As for the _performances_ I don't have any idea.


----------



## jc5 (Dec 7, 2006)

*Re: Legalities, copyright, residuals etc.... (hey Mike Green, Jeff C, etc)*

If all the vocalist is doing is singing the part you have written, then it would be the same as hiring any other performer for recording purposes - a number of contract options, including the most popular/efficient, the complete buyout.

They would only get residuals if they in some way participating in the writing of lyrics and/or music, or if you wrote out your contract that way. I doubt any session singer would be expecting that though..


----------



## Mike Greene (Dec 7, 2006)

*Re: Legalities, copyright, residuals etc.... (hey Mike Green, Jeff C, etc)*

Percentages can legally be whatever all parties agree to. If your singer writes the lyric, Stefan is right that it's usually a 50/50 split for overall writers' shares. But if the lyrics are fairly inconsequential, it could be ethical to work a split more in your favor. Or if you pay her enough, she may even give you full lyric buyout as well, but that could be a little shady as far as ethics go. But then, I've been known to hire ghostwriters, so I'm in no position to cast stones. :shock: I wouldn't go that far though.
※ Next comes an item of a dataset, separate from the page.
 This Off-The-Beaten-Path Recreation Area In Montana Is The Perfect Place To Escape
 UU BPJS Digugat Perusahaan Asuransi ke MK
Also, the 50/50 standard is really a holdover from the days when melody and lyric were all that was considered important about a song. During my songwriting days in the 80's, often the deal was changed to 33/33/33 between melody/lyric/track because the track (beat, bassline, etc) was then so important.

If she's singing YOUR lyric, of course she gets no piece of the song, but it doesn't sound like that's your situation.

Personally, I can't stand other people writing my lyrics. I try this from time to time and they just never get it right. On the other hand, if you can't do it, then get help. And don't worry about giving up a piece of the song because HBO royalties aren't going to be that much anyway. The theme will probably pay around $10k, by the way.

Also, a bit of nit-picky terminology:

1. Royalties is what you get from ASCAP or a record company for your songwriting.

2. Residuals are union payments for reuses. We don't get those unless we sang or played and filed paperwork.

3. Greene has an "e" at the end. :mrgreen:


----------



## jeffc (Dec 7, 2006)

*Re: Legalities, copyright, residuals etc.... (hey Mike Green, Jeff C, etc)*

Kid:

I've got a bit of experience at this. Basically, if you can, you want to write the lyrics. This will eliminate any question the vocalist is just a hired session singer. That means, they get paid, but didn't write the track - you did - so you'd go on the cue sheet as writer and get all the ASCAP/BMI performance royalties. 

I'm assuming it's non-union, so if that's the case, there are no other types of royalties or re-use. If it's non-union, you can pay whatever you think is fair for the session. You can structure it so you pay for the session and if it actually gets used in the final track, maybe you pay another session fee or bonus of some sort. You should get the singer to sign a simple "work-for-hire" sheet, that basically says they didn't write the track, were paid, and have no claiim to future money. You want to have that all sorted out cause there have been several composers sued by singers for using their vocals without permission and they payouts are not good. 

I'm assuming this is a vocals with words type thing. Really the same thing applies for the 'wordless vocal thing' but it's a little more abstract since sometimes the performance is more random and improvised. You really have to protect yourself though. Basically, you want to pay singers good up front if you can.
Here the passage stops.